═════ MATERIAL FOR THE TASK
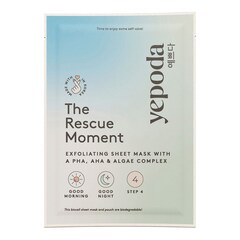 The Rescue Moment – Masque en tissu exfoliant aux PHA, AHA et algues, YEPODA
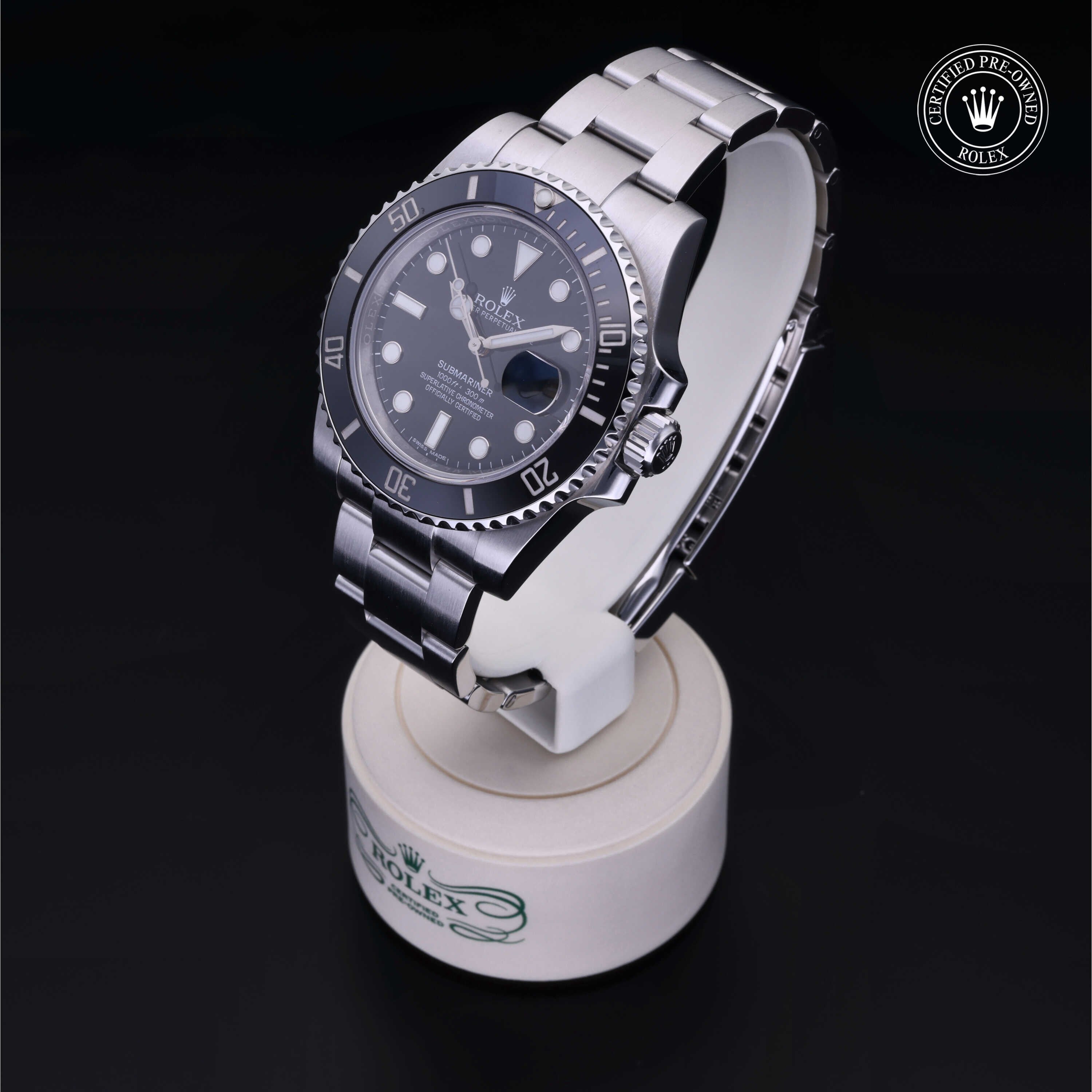 Rolex Certified Pre-owned Submariner M116610LN-0001 front on black background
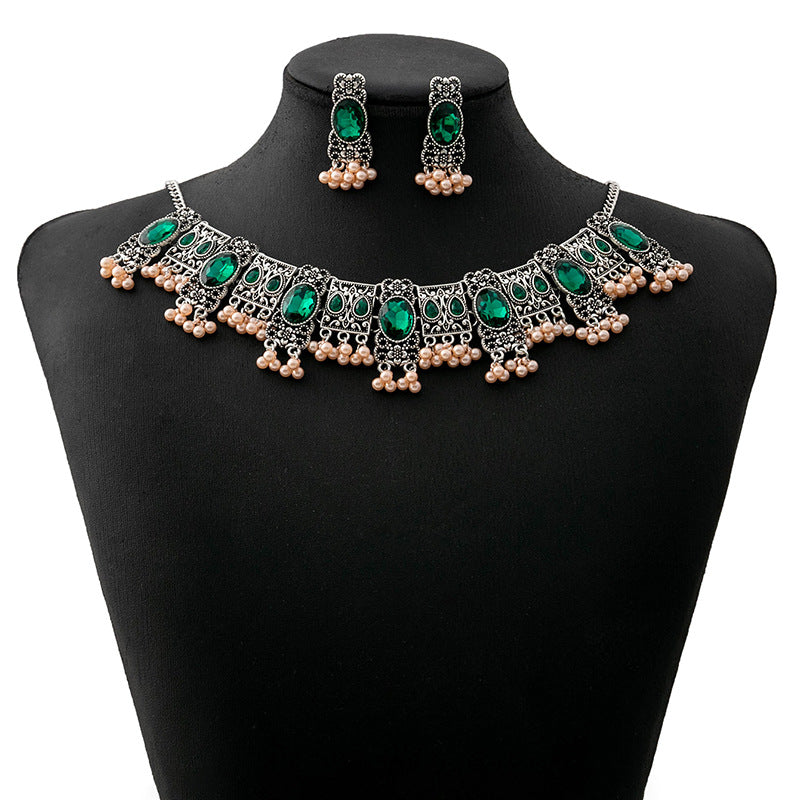 Buy Vintage Emerald Earrings Ethnic Style Square Tassel Bead Pendant Jewelry Suit online at Fashionner.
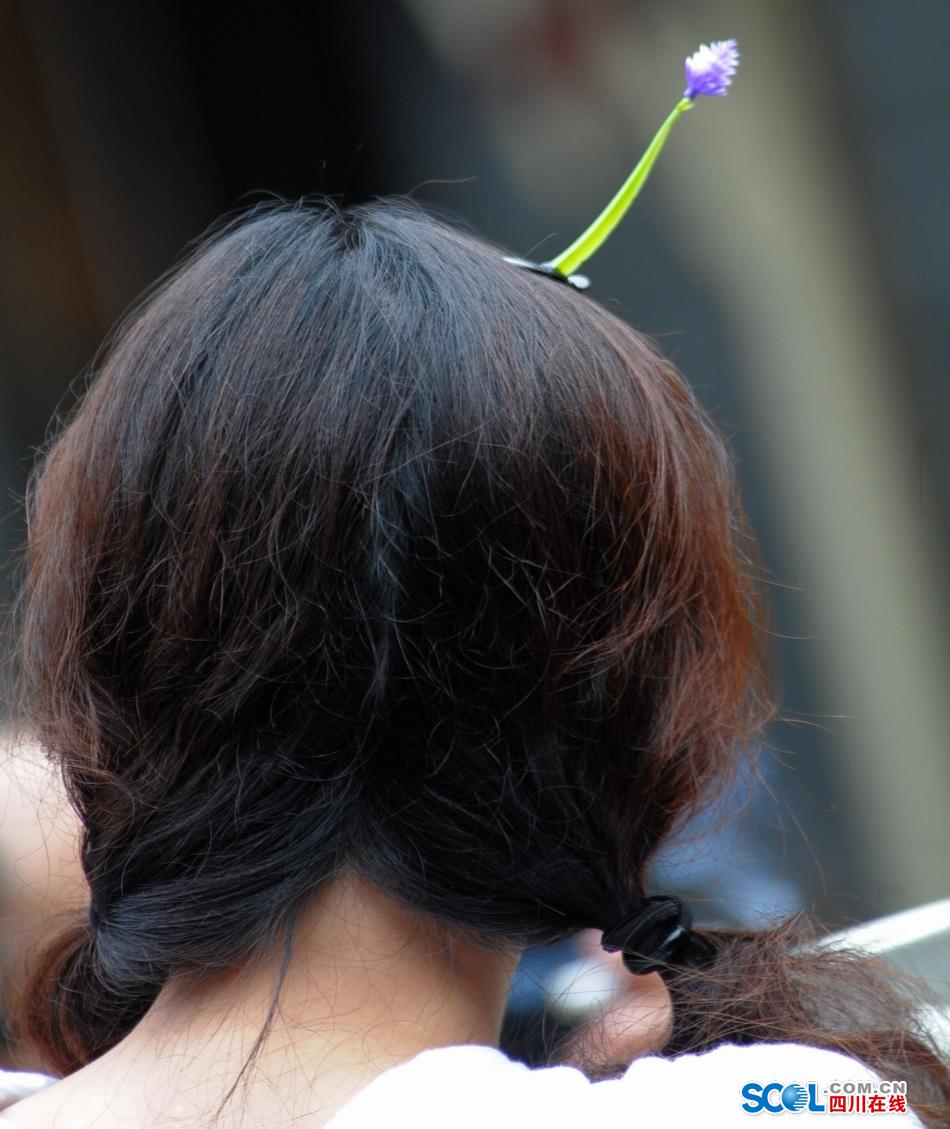 Look！Bean sprouts flowers grow on head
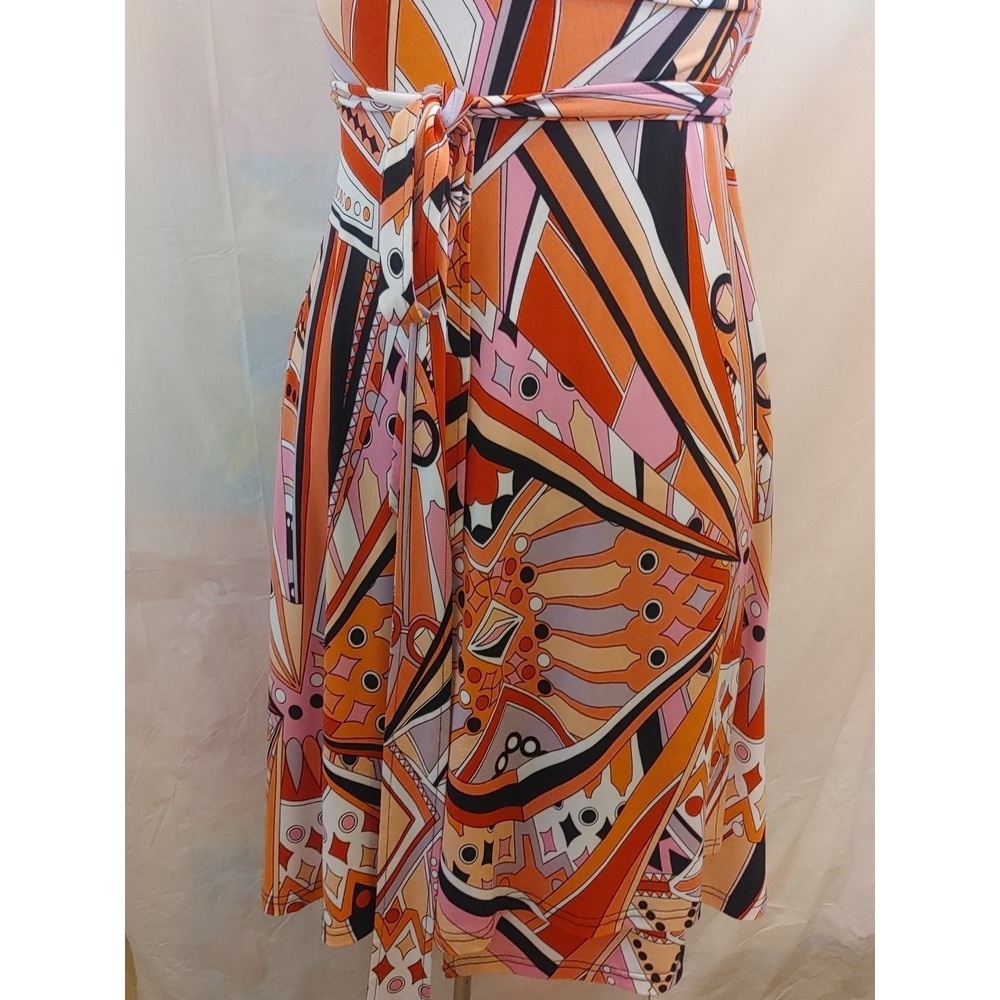 Bionic Abstract Wrap Dress Women's Sz S A-Line Sheath Striped Belted Knee Length - Picture 3 of 12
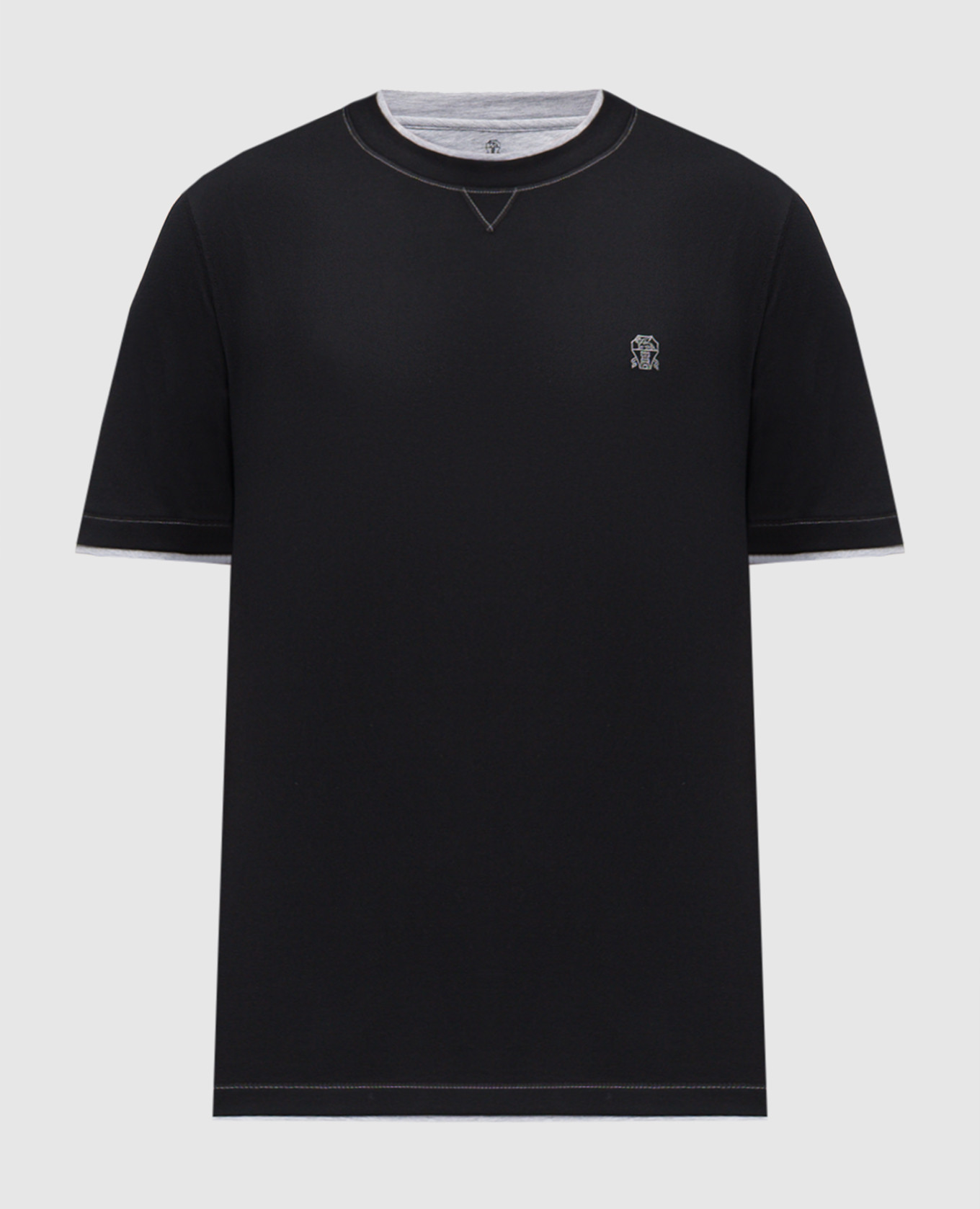

Black straight-cut T-shirt with emblem Brunello Cucinelli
══════════
- _ASSIGNED TASK_: Please return only the lines from the one holding "Look！Bean sprouts flowers grow on head" through the end of the data, both ends included; do not copy any pictures.

- _ANSWER FOR THE TASK_:
 Look！Bean sprouts flowers grow on head
 Bionic Abstract Wrap Dress Women's Sz S A-Line Sheath Striped Belted Knee Length - Picture 3 of 12

Black straight-cut T-shirt with emblem Brunello Cucinelli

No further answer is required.